▶ [Task goal]:
Make an exact transcript of the lines in the data below, starting with the one containing "It uses a substrate" and going on through the one containing "When we first", with both included and the pictures left out.

▶ [Exercise input]:
----

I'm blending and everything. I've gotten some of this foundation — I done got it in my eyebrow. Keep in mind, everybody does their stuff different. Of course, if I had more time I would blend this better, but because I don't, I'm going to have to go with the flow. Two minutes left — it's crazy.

----

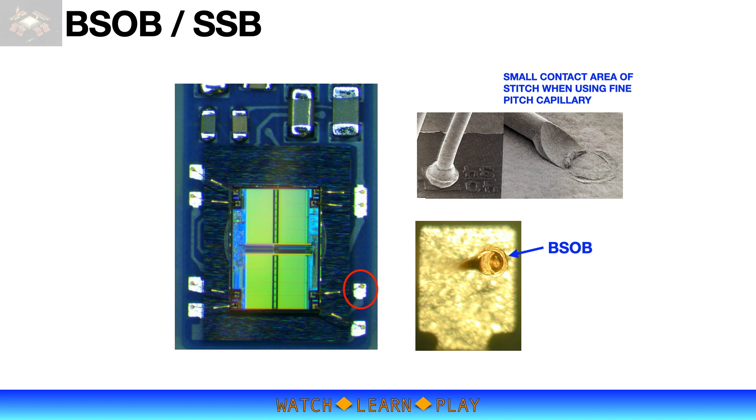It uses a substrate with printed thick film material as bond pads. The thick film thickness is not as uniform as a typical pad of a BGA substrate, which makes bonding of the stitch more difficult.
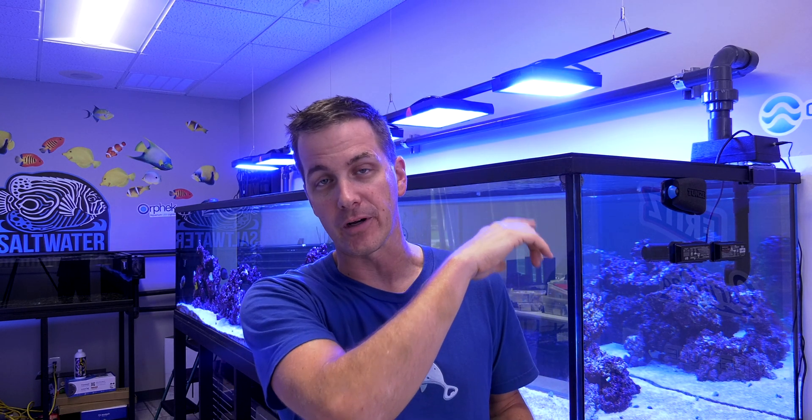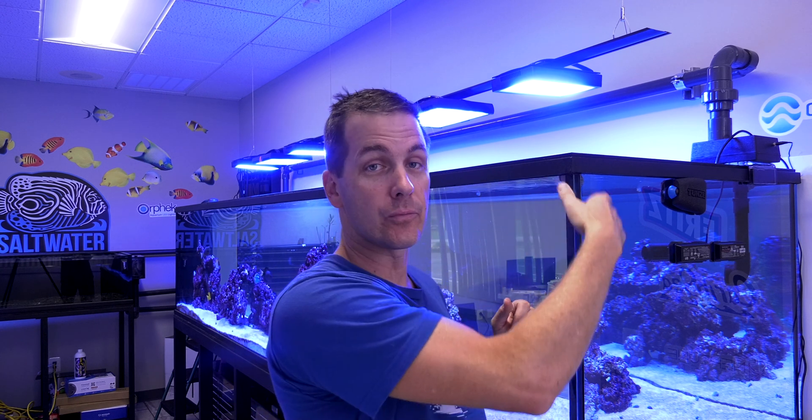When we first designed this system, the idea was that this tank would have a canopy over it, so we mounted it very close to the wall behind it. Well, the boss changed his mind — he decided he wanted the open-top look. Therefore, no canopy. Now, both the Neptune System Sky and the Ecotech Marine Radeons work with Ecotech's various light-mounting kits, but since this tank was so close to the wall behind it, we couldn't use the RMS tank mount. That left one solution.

----

▶ [Response to this exercise]:
It uses a substrate with printed thick film material as bond pads. The thick film thickness is not as uniform as a typical pad of a BGA substrate, which makes bonding of the stitch more difficult.
When we first designed this system, the idea was that this tank would have a canopy over it, so we mounted it very close to the wall behind it. Well, the boss changed his mind — he decided he wanted the open-top look. Therefore, no canopy. Now, both the Neptune System Sky and the Ecotech Marine Radeons work with Ecotech's various light-mounting kits, but since this tank was so close to the wall behind it, we couldn't use the RMS tank mount. That left one solution.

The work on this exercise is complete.